La gioventù tedesca frequenta dibattiti e mostre che
affrontano senza sconti le pagine buie, dall’abuso di Lutero nel
nazionalsocialismo alla triste storia del colonialismo germanico, dalle
radici sociali del terrorismo della Raf agli echi malposti della
grandeur prussiana. La gioventù tedesca viene informata dalla tv circa
la presenza strisciante di gruppi neonazisti nelle forze dell’ordine,
circa il paventato aumento delle spese militari (anche qui in piena
consonanza coi vicini olandesi), circa il bieco saccheggio delle terre
africane da parte di multinazionali spacciate per “cooperazione”. E su
questi temi, dal fallimento del modello delle start-up allo sfruttamento
dei Paesi poveri da parte dell’Occidente, la gioventù tedesca compra in
libreria saggi sempre nuovi, lucidi e non politicizzati.
Ma tutto
questo patrimonio aperto e condiviso di coscienza civile,
internazionale ed ecologista, non si traduce in una plausibile proposta
politica. Secondo un’analisi di Unicepta Research, i temi che più hanno
appassionato i tedeschi nell’ultimo mese sono i migranti, i mutamenti
climatici, la criminalità e lo scandalo del diesel.

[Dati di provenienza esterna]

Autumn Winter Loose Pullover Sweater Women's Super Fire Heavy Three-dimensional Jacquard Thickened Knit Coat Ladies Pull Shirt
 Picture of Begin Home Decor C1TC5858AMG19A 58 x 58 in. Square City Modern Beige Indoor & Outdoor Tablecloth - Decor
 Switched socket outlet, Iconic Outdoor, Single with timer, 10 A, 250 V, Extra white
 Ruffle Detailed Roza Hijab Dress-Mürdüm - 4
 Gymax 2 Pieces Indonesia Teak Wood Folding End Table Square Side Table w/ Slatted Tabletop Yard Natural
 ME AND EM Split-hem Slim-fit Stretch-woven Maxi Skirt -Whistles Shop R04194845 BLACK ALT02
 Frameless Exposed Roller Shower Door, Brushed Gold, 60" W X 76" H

Su questi argomenti,
tuttavia, l’unica alternativa di cui si parla non è quella dei Verdi o
della Linke, ma quella eponima – destinata a entrare in Parlamento –
dell’Alternative für Deutschland, un partito che nello spostarsi sempre
più a destra ha ripetutamente cambiato pelle e leader, fino all’attuale
Alice Weidel, una signora che vive in Svizzera con la compagna ma
predica il ritorno alla famiglia tradizionale, che sbandiera un
“Manifesto cristiano per la Germania”, e che forse (la Welt am Sonntag
insiste sulla veridicità dell’email incriminata) nel 2013 scriveva che
l’inondazione di Arabi, sinti e rom è parte di un disegno teso a tenere
la Germania in uno stato di minorità, perché “questi porci (i governanti
della Cdu) non sono che marionette delle potenze vincitrici della
Seconda guerra mondiale e hanno il compito di ridimensionare il nostro
popolo”. E così, ai cortei contro il G20 di Amburgo, duramente repressi,
si contrappongono le regolari adunate di Pegida a Dresda, il sempre più
popolare sito EpochTimes (che ripropone in modo variamente tendenzioso
ogni nota d’agenzia relativa ai migranti), e i duri fischi che nelle
città dell’antica Ddr accompagnano regolarmente le uscite dei politici
di governo (Sigmar Gabriel, il ministro della Giustizia Heiko Maas,
financo la stessa Merkel).
Se l’AfD supererà la soglia del 10 per
cento (ciò che molti temono, constatando la presa della retorica
populista sulla rabbia strisciante troppo a lungo repressa dalla
letargocrazia merkeliana) non solo l’asse del dibattito pubblico si
sposterà più a destra, secondo un modello già visto in Francia e che ha
creato in quel Paese terremoti politici e culturali dall’esito tuttora
incerto; soprattutto, sarà a rischio il deal che secondo molti il
presidente francese Emmanuel Macron e Angela Merkel hanno in mente per
l’autunno: il ministro francese Bruno Le Maire a capo dell’Eurogruppo,
il banchiere tedesco Jens Weidmann a capo della Banca centrale europea e
la trasformazione del Meccanismo europeo di Stabilità (o “Fondo
salva-Stati”) in un Fondo comune trasparente gestito “democraticamente”,
in grado di prestare danaro ai Paesi in difficoltà e di iniziare a
sanare, in modo non tecnocratico ma condiviso, gli squilibri dell’Unione
europea. Un rilancio dell’integrazione continentale che richiederà
sicuramente delle rinegoziazioni degli accordi europei, non semplici da
far digerire ai Paesi del gruppo di Visegrad; una prospettiva complicata
da imporre allo stesso Partito liberale tedesco (anche per questo, una
nuova Grande Coalizione a Berlino potrebbe essere la soluzione più
semplice; o in alternativa un governo Cdu-Verdi), ma forse troppo
rischiosa se l’unica novità delle urne sarà la risposta al disagio
tramite un rigurgito di nazionalismo.